Kardinal Burke, yaklaşık 10 yıldır Papa Francis'i açıktan eleştiren isimlerden biri (Reuters)
Kardinal Burke, yaklaşık 10 yıldır Papa Francis'i açıktan eleştiren isimlerden biri (Reuters)
TT

Papa Francis kendisini eleştiren kardinali evinden kovuyor

Kardinal Burke, yaklaşık 10 yıldır Papa Francis'i açıktan eleştiren isimlerden biri (Reuters)
Kardinal Burke, yaklaşık 10 yıldır Papa Francis'i açıktan eleştiren isimlerden biri (Reuters)

Katoliklerin ruhani lideri Papa Francis'in kendisine muhalif olan Kardinal Raymond Burke'yi Vatikan'daki evinden kovmayı ve maaşını askıya almayı planladığı bildirildi.

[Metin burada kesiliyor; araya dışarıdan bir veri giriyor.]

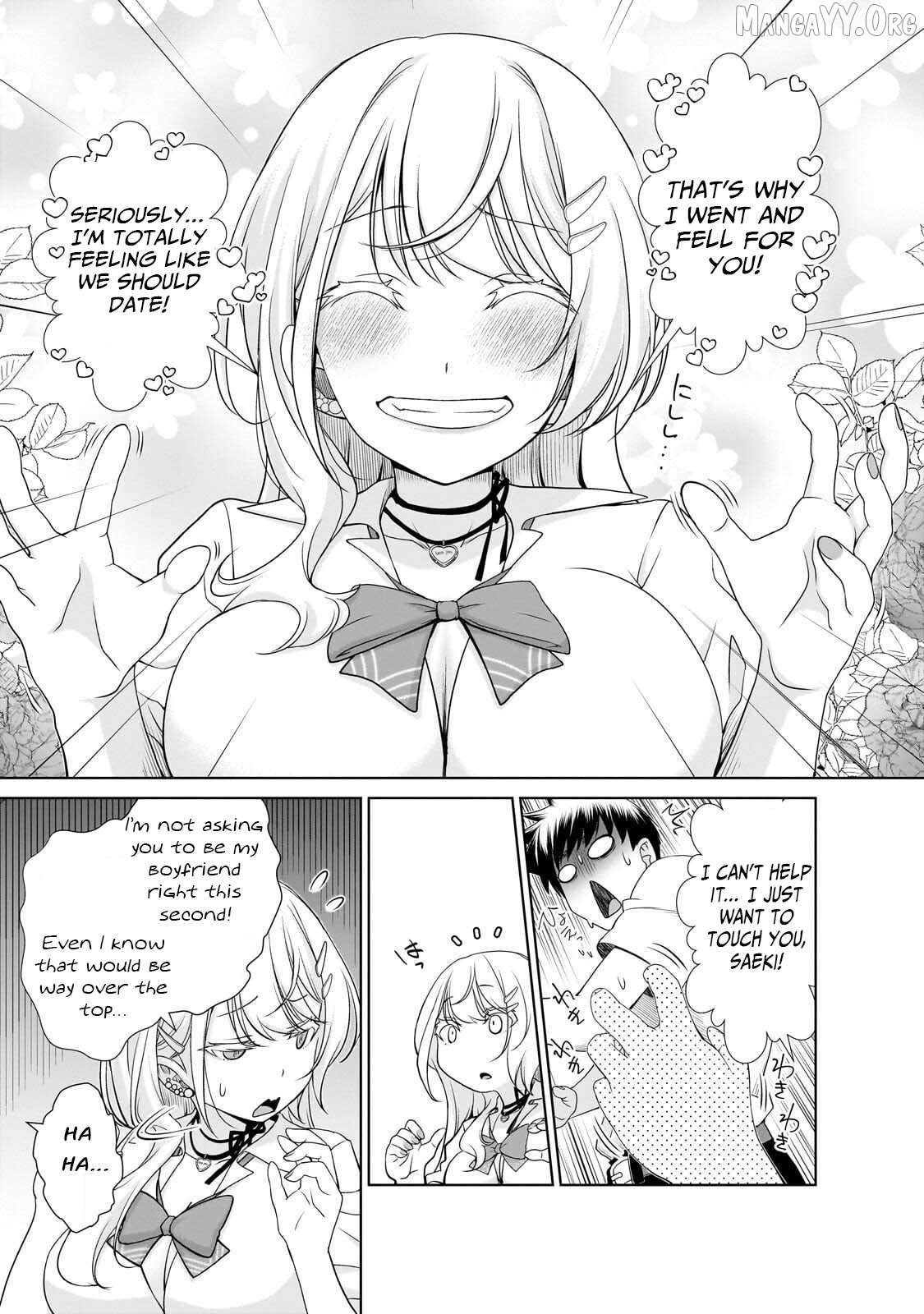 Otonari-san no gyaru ga boku o hore sasetakute zenryoku sugiru Chapter 3 page 7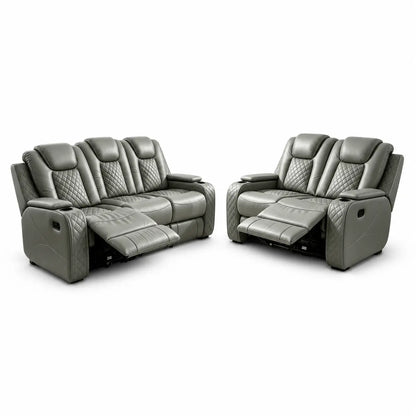 MNS Antalya 3+2 Seater Leather Recliner Sofa Set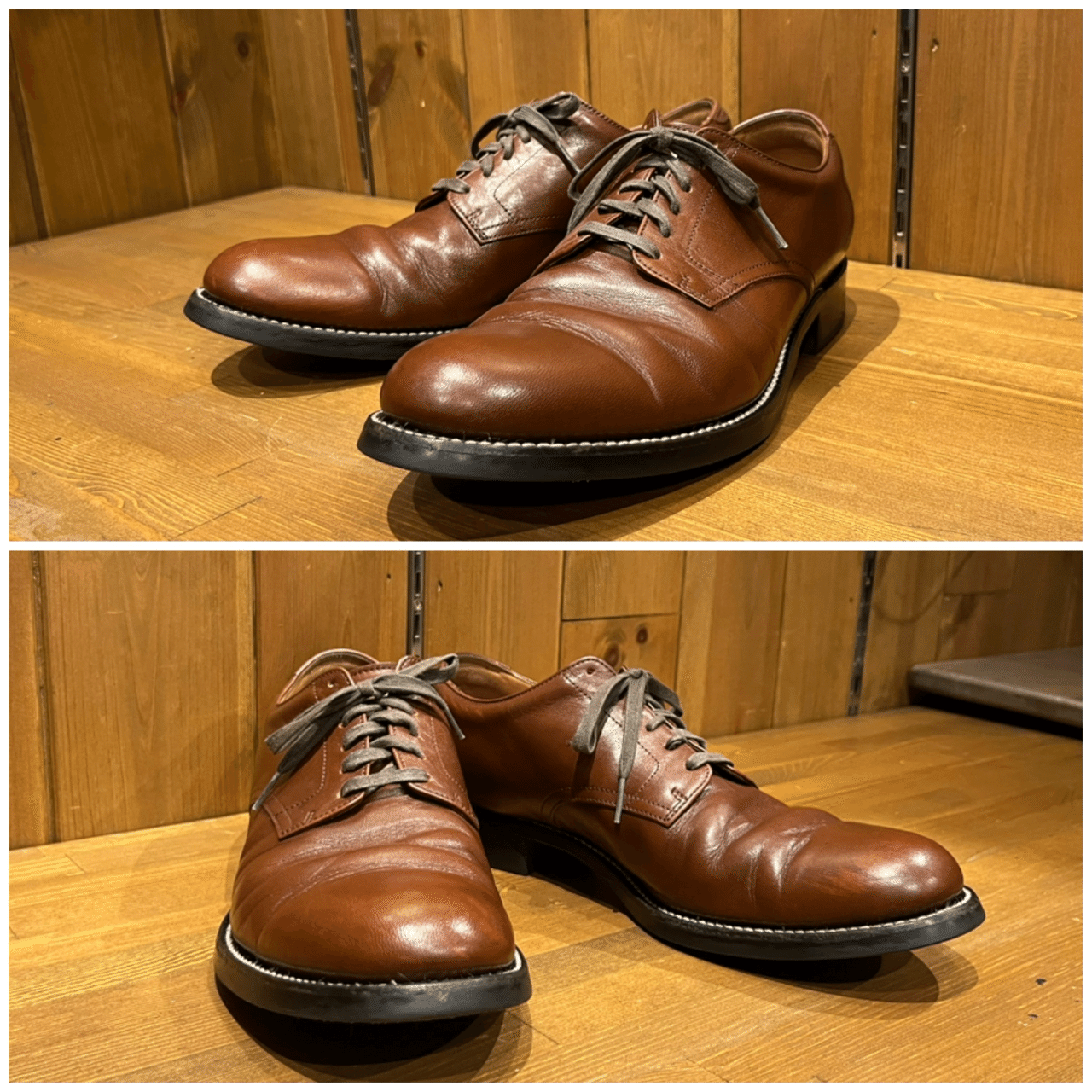 FLAT HEAD 長野店】〜サービスマンシューズのエイジング〜｜THE FLAT HEAD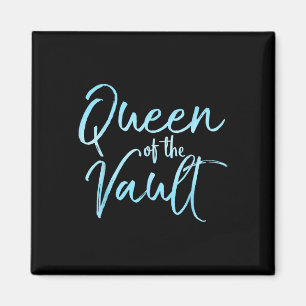 Queen Of The Vault-Shirt Süßes Turn-Geschenk Turne Magnet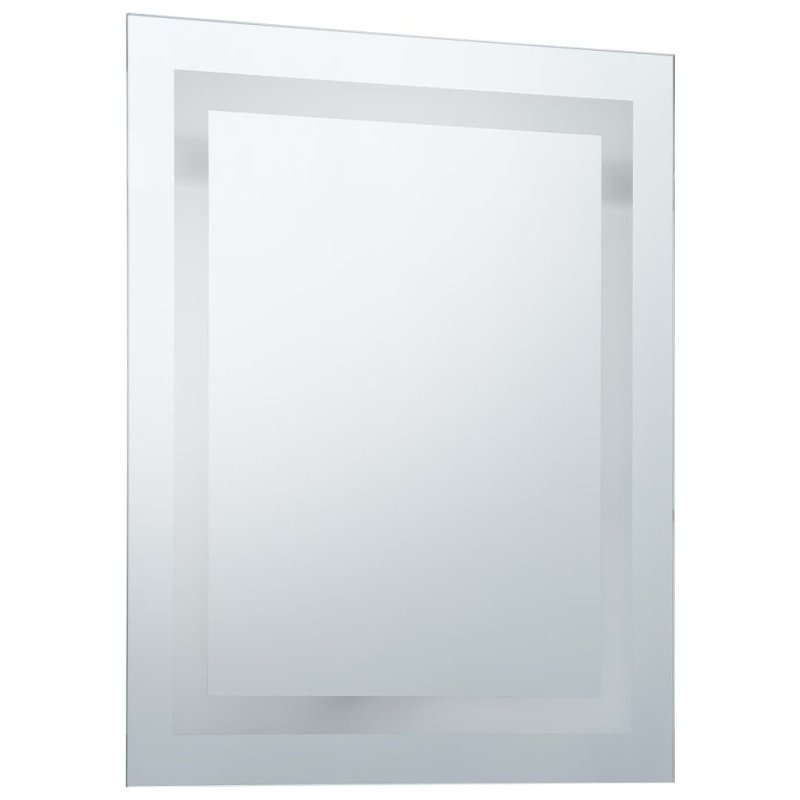 vidaXL Kúpeľňové zrkadlo s LED svetlom a dotykovým senzorom 60x80 cm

BBC'ye konuşan bir Vatikan kaynağı, Papa Francis'in aldığı kararların kişisel cezalandırma amacı taşımadığını ancak kardinalliğin ayrıcalıklarını kullanan bir kişinin kilisenin başındaki Papa'yı eleştirmemesi gerektiğine inanıldığını söyledi.

Amerikalı kardinalin kovulacağı haberi ilk olarak Burke'ye yakın, muhafazakar İtalyan gazetesi La Nuova Bussola Quotidiana yayımlandı. 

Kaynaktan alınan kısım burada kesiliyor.